▸ **Task goal**: Please go line by line and repeat the data below exactly, with no images.

▸ **Exercise data**:
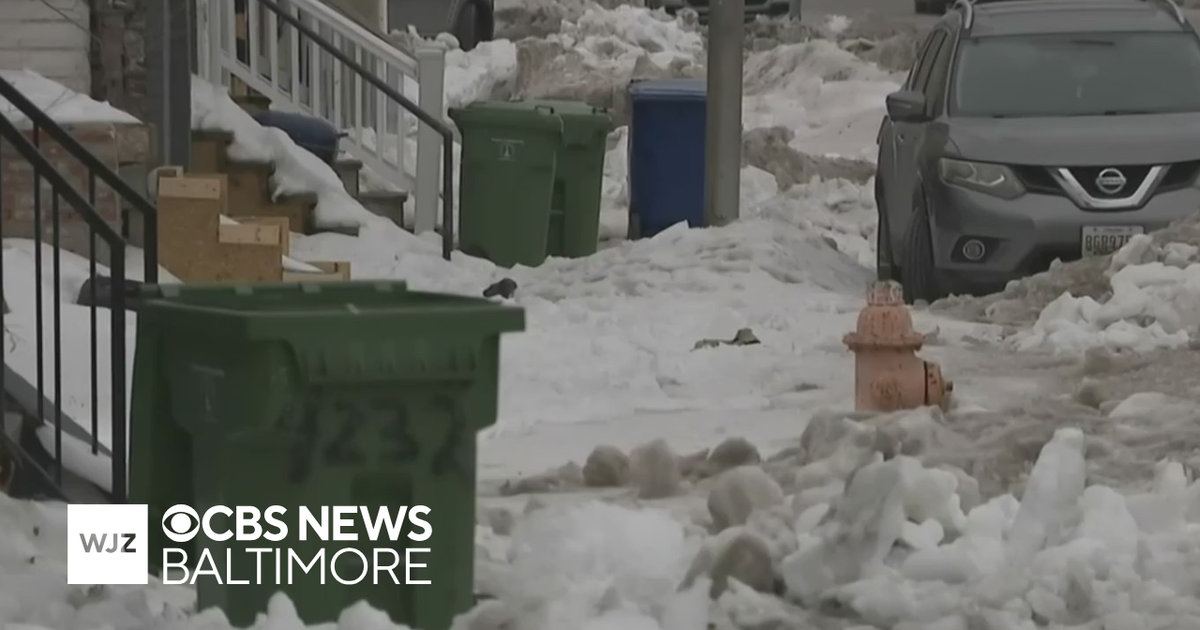 Ice covers many Baltimore sidewalks as arctic cold front moves in, power outage risk across Maryland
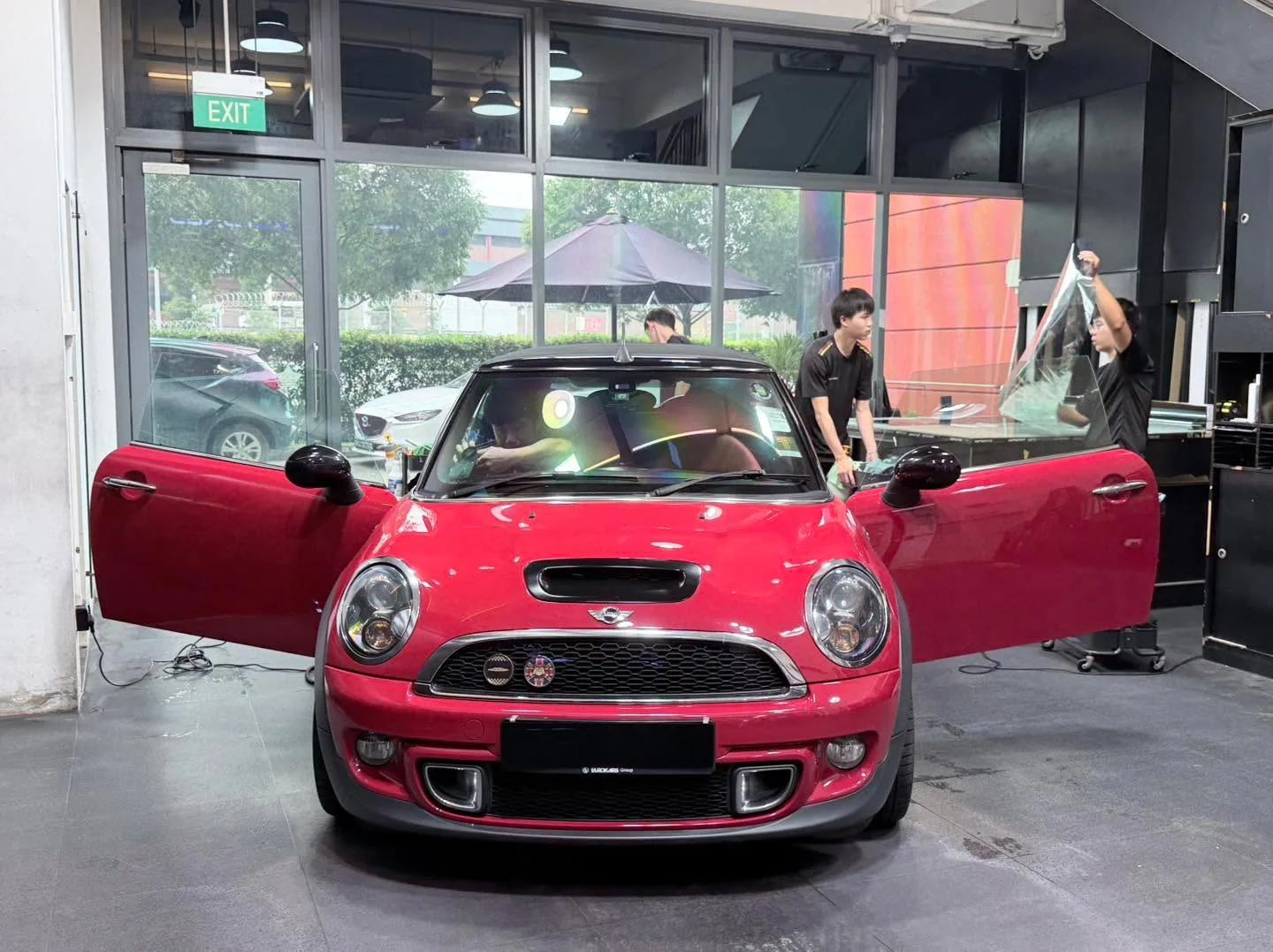 A white coupe with black details and open door in the workshop.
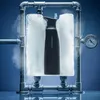 A black thermos bottle is encased in ice, surrounded by pipes and a pressure gauge, with steam rising. Produktbild-Vorschau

▸ **Your solution**:
 Ice covers many Baltimore sidewalks as arctic cold front moves in, power outage risk across Maryland
 A white coupe with black details and open door in the workshop.
 A black thermos bottle is encased in ice, surrounded by pipes and a pressure gauge, with steam rising. Produktbild-Vorschau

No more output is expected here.